Semantic technologies like RDF, OWL might be toted as a cure-all for the many data ills you may have, but that’s only half the story — there are many areas that semantic technologies can add a lot more value over and above what you’re doing today, while there are many area that you really shouldn’t entertain semantic technologies because doing so will literally make things worse than they need to be.
I have spent quite a few years struggling with content creation in a string-heavy domain, it’s a proper pain in the neck to roundtrip HTML and RDF. It struck me a while ago that there’s really no need to do this. In this particular domain, there is no need to provide a semantically enabled set-up for people doing data entry, in fact it’s the reverse of what is needed. People tend to assume that operatives in data entry in this domain needed to know something about semantic technology, whereas this is almost certainly not the case.
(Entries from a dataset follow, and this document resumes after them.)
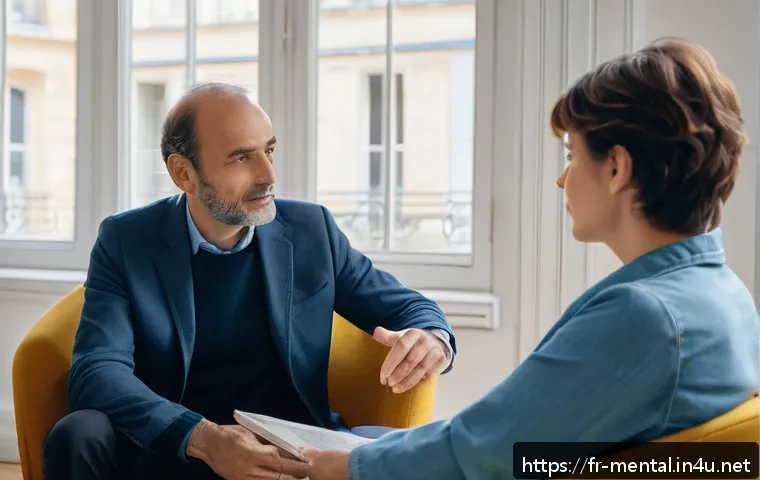 정신건강 상담사의 직무 평가 - A serene mental health counseling session in a modern Parisian office: a compassionate middle-aged F...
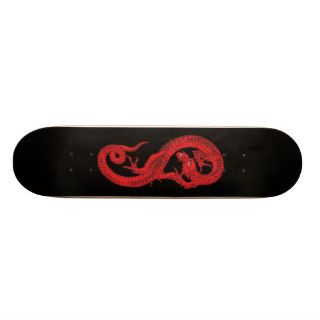 Red Dragon on Black Skate Board Deck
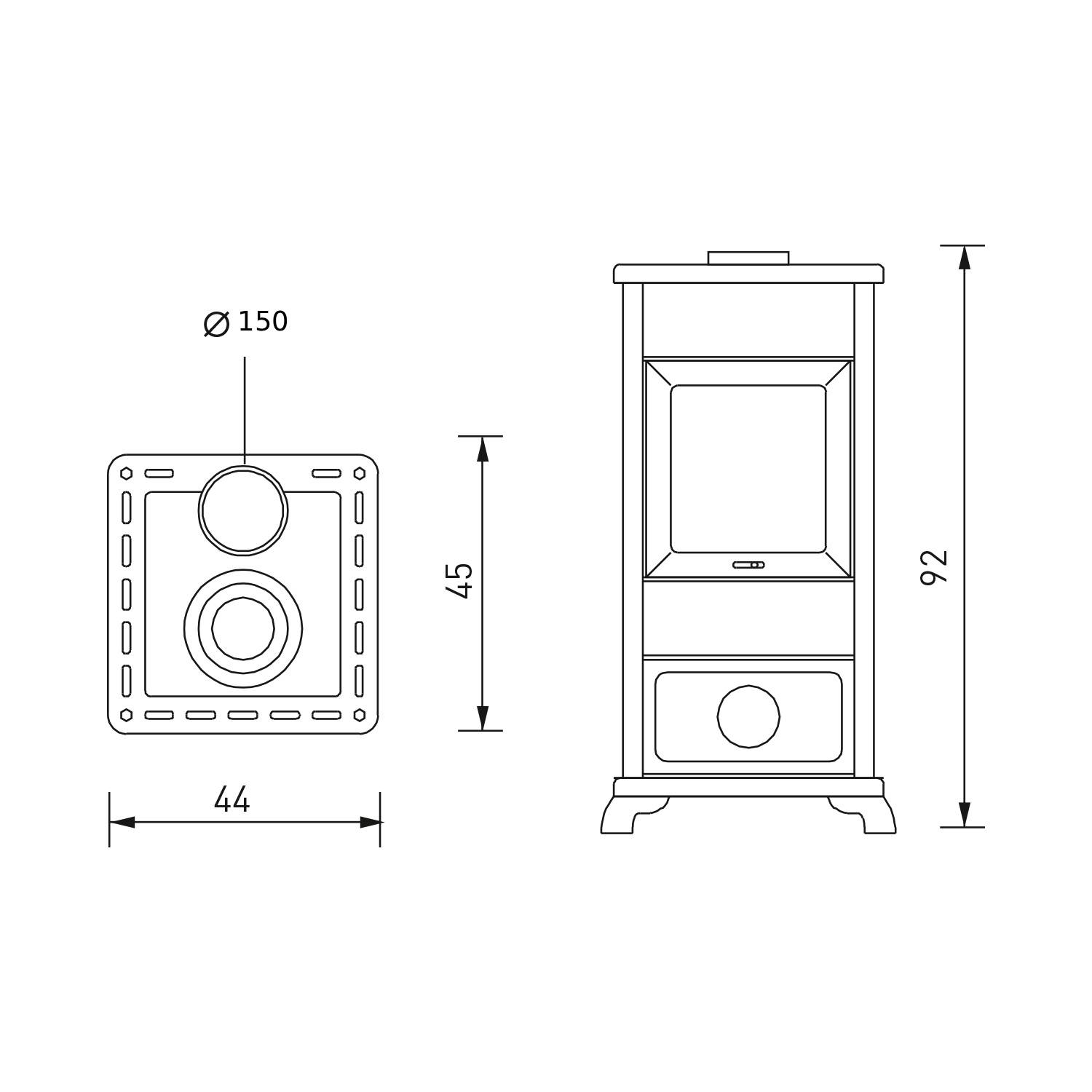 EK63 Decor poêle à bois céramique cuir tuyau de fumée dessus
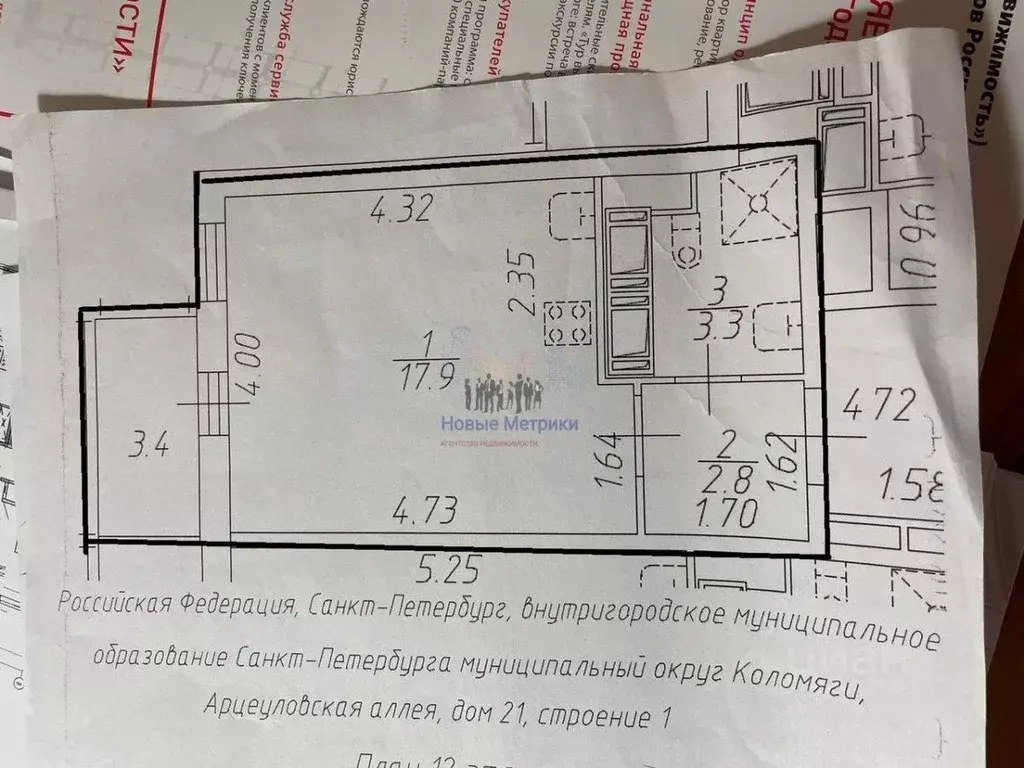 Студия Санкт-Петербург аллея Арцеуловская, 21 (25.0 м) - Фото 0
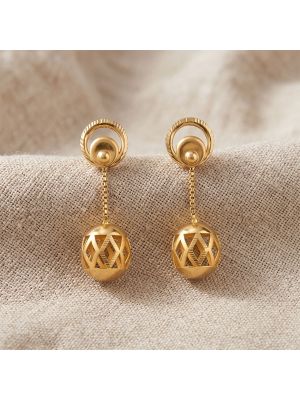Modern Eclipse Gold Drop Earrings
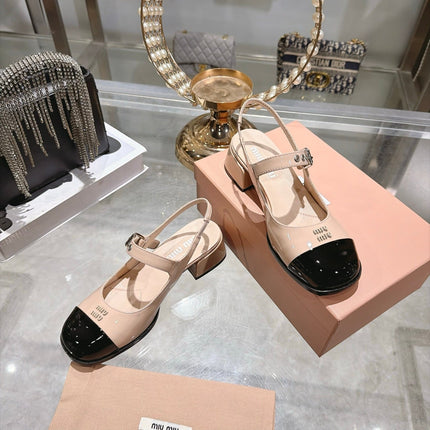 MIUMIU 26S SLINGBACK MARY JANE 45MM IN NUDE BEIGE PATENT CALFSKIN AND BLACK PATENT CALFSKIN CAP TOE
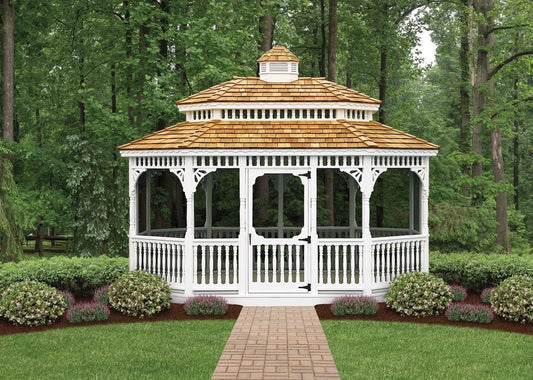 Victorian Oval Wood Gazebo - manufacturer example; configuration may vary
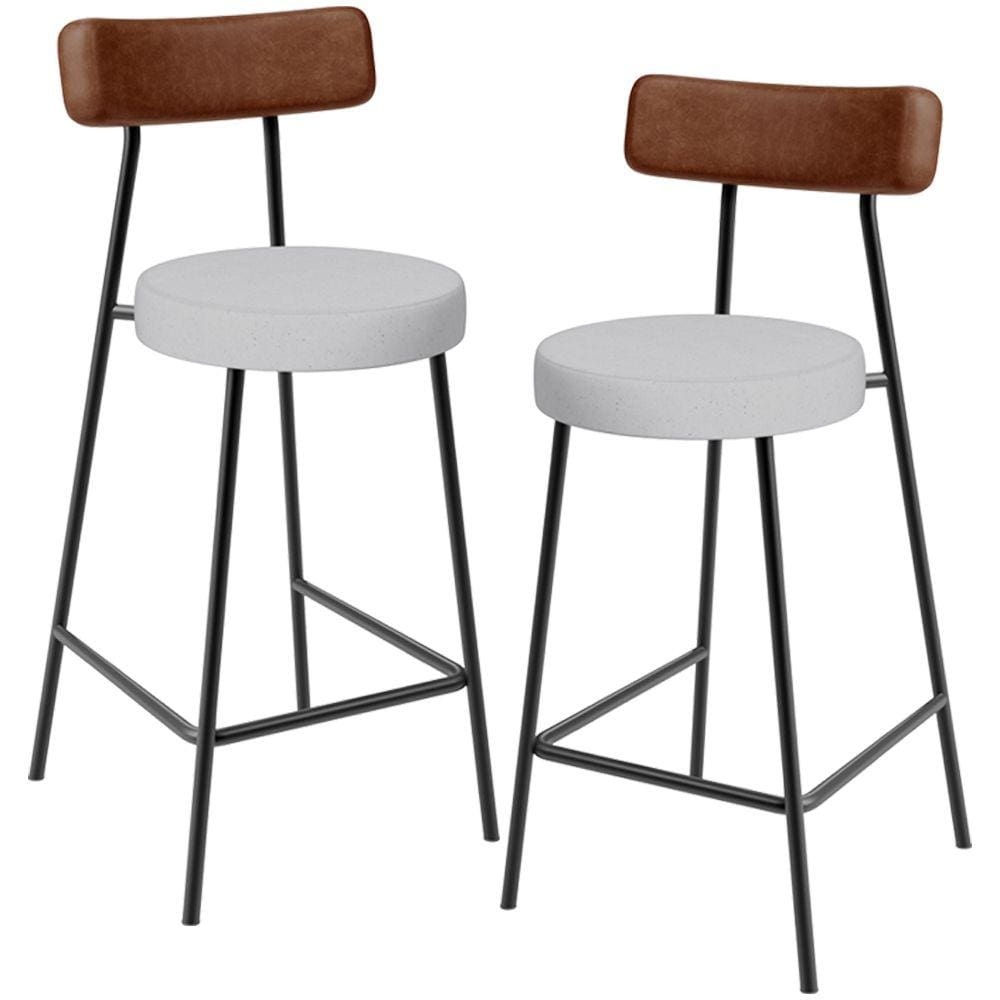 Kit 02 Banquetas Baixa Cozinha Sala De Jantar Milão L02 Couríssimo Marrom Linho Cinza -LyamDecor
What the operatives need to know is the organizational aims in doing data entry so that they can provide an outline of a workflow that can then be used to provide data to a semantic machine that does work with the data.
Because we’re talking about semantic technologies, the semantic stack can also provide data to the workflow in appropriate non-semantic formats in order to be then keyed into the semantic representation of the data that is entered. This seems like a simple idea, and yet I have struggled with this over a length of time.
The realization should, of course, have come earlier as I worked with time-series data in a semantic context, and I certainly wouldn’t have considered using semantic technology for data creation here. The simple devices that provide rapid storage for corrected time series values certainly cannot be improved upon, however once the data has been collected, it can be presented within a semantic framework that adds value (for example providing links between entries and annotations of the content).
I have asked myself why did I not come to this realization earlier; I suspect that it is a combination of my direct connection to this domain — I have worked with semantic technologies here since 2009 and have had some success. I certainly thought for a long time that the basic idea I had for data creation was a good one; a generic loom for creating semantic data. Unfortunately, this in essence was an HTML/linked-data replacement for ontology creation tools like Protégè and TopBraid Composer, which can largely provide the tools you need to create data directly given a sufficiently strict training regime. Users typically outgrow these tools anyway, as this kind of data creation is generally easier and ends up being tidier when done in a text editor.
And here’s the realization; you need to decouple data from semantic data. Your intent shouldn’t be to create that “kind of data”, as if semantic data itself is your ultimate aim; your aim is to create the data necessary for your application and this should be independent of how the data is realized in the application. This has largely been obscured for me in a struggle towards semantic applications — because I can do something semantically, doesn’t mean I should. This is a bitter pill to swallow for semantically geared developers.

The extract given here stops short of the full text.